# Server Upgrade



## Jezlad (Oct 14, 2006)

Right guys, thanks to everyone thats been contributing to the ongoing server drive we're able to upgrade the server.

For those interested we've upgraded to a dedicated server 



> Processor: Intel Q6600 Quad Core
> RAM: 2GB DDR SDRAM
> HD1: SATA Drive (7,200 rpm)
> (+250 GB 7200 RPM SATA hard drive)
> ...


This upgrade does come with drawbacks though, you'll notice that we've lost a few hours postings. 

It's something that I'm unable to help though, the eta on the upgrade was anytime from day 2 to 5 so switching the site off for the duration wasn't an option.

Sadly, anyone that registered on the site between 8pm last night and now will have to do so again.

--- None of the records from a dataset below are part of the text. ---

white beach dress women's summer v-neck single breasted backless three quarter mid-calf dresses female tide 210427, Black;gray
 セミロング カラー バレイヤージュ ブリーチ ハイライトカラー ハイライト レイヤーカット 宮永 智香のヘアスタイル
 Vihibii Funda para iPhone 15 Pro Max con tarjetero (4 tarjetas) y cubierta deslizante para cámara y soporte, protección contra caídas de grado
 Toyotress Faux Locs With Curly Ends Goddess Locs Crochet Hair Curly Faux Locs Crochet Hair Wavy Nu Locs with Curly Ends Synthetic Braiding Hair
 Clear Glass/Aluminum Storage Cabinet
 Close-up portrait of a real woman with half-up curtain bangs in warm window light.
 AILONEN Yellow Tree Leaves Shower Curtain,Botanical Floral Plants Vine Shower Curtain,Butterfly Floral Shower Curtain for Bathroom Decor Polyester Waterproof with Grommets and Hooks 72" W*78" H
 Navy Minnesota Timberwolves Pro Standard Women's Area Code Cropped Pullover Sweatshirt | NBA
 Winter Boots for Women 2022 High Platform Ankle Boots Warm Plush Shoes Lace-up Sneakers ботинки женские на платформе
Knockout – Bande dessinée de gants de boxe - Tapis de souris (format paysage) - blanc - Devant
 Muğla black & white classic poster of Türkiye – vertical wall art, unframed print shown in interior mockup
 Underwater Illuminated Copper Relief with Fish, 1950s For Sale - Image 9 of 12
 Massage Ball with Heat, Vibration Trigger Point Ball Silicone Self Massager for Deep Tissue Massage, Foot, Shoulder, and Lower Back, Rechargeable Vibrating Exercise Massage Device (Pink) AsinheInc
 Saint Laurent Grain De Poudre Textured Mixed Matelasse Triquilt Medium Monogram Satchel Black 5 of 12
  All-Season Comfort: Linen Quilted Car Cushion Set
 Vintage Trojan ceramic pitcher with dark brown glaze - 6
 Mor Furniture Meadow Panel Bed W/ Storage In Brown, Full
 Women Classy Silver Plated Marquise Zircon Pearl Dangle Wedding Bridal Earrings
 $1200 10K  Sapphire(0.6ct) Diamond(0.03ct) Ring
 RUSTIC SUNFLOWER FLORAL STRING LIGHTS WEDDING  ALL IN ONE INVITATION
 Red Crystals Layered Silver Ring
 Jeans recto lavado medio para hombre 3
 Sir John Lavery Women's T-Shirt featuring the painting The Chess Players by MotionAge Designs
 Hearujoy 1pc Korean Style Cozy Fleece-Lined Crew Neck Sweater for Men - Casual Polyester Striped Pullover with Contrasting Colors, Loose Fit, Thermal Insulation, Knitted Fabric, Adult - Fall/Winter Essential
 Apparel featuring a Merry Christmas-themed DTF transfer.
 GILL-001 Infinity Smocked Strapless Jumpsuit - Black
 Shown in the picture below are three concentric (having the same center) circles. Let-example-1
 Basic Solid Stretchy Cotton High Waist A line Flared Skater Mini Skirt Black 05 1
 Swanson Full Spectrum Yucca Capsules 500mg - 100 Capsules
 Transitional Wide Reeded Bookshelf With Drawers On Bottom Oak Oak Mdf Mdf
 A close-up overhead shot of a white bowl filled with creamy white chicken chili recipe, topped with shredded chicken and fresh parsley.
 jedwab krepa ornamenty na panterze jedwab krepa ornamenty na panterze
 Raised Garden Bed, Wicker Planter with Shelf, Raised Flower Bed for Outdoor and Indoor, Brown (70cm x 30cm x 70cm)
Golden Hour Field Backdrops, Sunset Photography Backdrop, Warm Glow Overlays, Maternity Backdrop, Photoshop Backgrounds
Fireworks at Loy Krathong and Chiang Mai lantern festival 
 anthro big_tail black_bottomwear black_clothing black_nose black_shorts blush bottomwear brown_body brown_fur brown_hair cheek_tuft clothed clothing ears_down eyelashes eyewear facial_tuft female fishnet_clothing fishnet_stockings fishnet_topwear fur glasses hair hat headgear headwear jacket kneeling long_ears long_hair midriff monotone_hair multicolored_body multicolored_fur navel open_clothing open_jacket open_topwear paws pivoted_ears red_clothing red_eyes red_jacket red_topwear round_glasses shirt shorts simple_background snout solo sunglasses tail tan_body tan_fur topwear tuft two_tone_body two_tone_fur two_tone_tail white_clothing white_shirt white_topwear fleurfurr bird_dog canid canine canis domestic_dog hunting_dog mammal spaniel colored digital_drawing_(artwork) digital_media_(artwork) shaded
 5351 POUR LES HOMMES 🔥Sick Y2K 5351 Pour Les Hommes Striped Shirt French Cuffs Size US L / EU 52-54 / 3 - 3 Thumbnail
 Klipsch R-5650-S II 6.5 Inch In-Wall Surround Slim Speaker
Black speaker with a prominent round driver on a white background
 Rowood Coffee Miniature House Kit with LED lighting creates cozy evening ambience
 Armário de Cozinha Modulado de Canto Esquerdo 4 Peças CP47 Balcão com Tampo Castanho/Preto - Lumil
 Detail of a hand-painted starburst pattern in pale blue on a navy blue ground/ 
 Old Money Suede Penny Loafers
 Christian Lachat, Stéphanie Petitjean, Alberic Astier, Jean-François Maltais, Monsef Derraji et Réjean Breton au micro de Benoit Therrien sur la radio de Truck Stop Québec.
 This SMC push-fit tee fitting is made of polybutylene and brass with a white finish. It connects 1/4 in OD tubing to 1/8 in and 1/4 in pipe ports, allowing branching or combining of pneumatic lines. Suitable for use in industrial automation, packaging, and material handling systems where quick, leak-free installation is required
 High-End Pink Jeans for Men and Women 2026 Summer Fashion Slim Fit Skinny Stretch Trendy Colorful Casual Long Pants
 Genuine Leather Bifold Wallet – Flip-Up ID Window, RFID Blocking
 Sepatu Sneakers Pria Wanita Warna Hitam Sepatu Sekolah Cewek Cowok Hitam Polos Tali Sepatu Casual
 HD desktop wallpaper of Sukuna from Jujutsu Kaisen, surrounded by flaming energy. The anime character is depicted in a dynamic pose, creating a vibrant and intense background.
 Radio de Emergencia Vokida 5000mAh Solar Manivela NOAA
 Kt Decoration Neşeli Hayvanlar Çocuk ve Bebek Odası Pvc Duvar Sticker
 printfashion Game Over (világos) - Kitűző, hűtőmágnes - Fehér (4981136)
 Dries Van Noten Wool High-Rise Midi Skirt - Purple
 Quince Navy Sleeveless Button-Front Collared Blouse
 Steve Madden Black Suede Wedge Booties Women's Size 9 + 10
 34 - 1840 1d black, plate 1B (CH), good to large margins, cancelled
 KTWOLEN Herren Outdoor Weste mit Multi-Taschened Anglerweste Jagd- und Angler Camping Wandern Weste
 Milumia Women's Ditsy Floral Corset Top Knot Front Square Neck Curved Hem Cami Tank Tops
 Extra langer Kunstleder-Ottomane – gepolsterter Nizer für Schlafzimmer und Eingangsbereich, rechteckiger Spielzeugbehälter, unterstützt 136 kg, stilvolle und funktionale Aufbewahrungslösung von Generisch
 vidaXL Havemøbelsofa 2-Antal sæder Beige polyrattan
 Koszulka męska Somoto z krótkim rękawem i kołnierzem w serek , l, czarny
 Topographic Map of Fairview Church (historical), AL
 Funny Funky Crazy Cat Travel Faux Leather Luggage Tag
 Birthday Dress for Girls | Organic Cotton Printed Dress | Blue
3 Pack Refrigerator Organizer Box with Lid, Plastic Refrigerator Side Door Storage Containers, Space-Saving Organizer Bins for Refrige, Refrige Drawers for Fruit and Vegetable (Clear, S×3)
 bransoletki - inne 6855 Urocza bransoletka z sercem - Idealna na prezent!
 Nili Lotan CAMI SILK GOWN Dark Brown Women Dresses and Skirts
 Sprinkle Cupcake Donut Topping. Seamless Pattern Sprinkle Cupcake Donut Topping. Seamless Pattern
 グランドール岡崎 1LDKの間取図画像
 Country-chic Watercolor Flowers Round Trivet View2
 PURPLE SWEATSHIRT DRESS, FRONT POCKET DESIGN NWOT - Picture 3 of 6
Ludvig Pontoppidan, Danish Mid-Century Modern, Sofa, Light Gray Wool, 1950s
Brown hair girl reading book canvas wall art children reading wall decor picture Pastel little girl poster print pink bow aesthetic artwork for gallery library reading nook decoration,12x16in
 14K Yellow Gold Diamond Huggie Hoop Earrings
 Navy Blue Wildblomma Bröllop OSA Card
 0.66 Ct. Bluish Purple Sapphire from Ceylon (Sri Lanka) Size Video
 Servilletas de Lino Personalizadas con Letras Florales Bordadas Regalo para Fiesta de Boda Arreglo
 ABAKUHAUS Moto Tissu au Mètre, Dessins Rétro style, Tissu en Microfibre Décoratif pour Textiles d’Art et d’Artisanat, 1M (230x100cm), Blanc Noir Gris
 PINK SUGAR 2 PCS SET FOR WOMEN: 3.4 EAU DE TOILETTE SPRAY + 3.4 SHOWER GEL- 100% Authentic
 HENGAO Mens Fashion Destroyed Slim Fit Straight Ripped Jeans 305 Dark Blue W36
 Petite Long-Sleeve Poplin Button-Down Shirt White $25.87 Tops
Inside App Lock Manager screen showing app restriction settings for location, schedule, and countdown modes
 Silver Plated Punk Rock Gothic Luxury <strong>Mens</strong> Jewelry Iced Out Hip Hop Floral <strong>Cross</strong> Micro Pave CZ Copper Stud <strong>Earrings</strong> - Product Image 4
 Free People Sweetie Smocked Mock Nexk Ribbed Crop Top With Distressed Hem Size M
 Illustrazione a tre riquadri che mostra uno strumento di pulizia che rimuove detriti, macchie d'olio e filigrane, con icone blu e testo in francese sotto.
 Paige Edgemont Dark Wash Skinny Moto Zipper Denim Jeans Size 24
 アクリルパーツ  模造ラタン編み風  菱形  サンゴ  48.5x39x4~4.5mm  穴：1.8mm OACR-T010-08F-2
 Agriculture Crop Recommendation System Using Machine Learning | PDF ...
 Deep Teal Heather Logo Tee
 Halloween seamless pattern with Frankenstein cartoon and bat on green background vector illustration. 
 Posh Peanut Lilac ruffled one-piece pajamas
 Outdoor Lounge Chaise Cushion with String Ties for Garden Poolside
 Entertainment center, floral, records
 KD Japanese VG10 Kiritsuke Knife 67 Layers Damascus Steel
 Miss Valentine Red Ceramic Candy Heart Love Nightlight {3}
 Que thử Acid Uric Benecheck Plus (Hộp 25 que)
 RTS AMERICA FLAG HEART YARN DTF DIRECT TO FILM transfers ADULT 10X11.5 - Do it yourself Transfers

If you have any questions let me know via pm or the contact form and I'll answer/help to the best of my ability.

Jez


----------



## ClassyRaptor (Apr 7, 2010)

I was wondering where my posts had gone. Now I know thank you Jez.


----------



## Jdwoogie (Jan 13, 2010)

does this mean that the site won't be so slow now?

woog out!


----------



## maddermax (May 12, 2008)

Might be an idea just to send a general PM to everyone, just to let them know some posts have been lost, otherwise they might be left wondering what happened. Other than that, it seems to have gone pretty smoothly, well done :good:


----------



## KingOfCheese (Jan 4, 2010)

I noticed that the new dedicated server is with Hostgator.
What are their dedicated servers like?
Was the previous hosting account through Hostgator?
I have heard mixed opinions about them.

Also, what are the plans for your other website "war gaming news"?

P.S. You might want to consider some privacy protection regarding whois.


----------



## Jdwoogie (Jan 13, 2010)

and to those who use the arcade... some high scores were lost as well!!!!

woog out!


----------



## Baron Spikey (Mar 26, 2008)

Meh I'm a gabby fellow, anything I wrote that's lost can just be rambled about again. Plus the Heresy downtime gave me a chance to go over to the BoLS Lounge to annoy people over there


----------



## Jezlad (Oct 14, 2006)

KingOfCheese said:


> I noticed that the new dedicated server is with Hostgator.
> What are their dedicated servers like?
> Was the previous hosting account through Hostgator?
> I have heard mixed opinions about them.
> ...


The new server is with the same host Liquidweb. The domain is with Hostgator.

You're looking at old information, plus the whois doesn't display private details.


----------



## Marneus Calgar (Dec 5, 2007)

I did not cope very well in the downtime


----------



## Styro-J (Jan 20, 2009)

It all makes sense now! I thought my Army List thread got pulled! 

My mind is officially at ease.


----------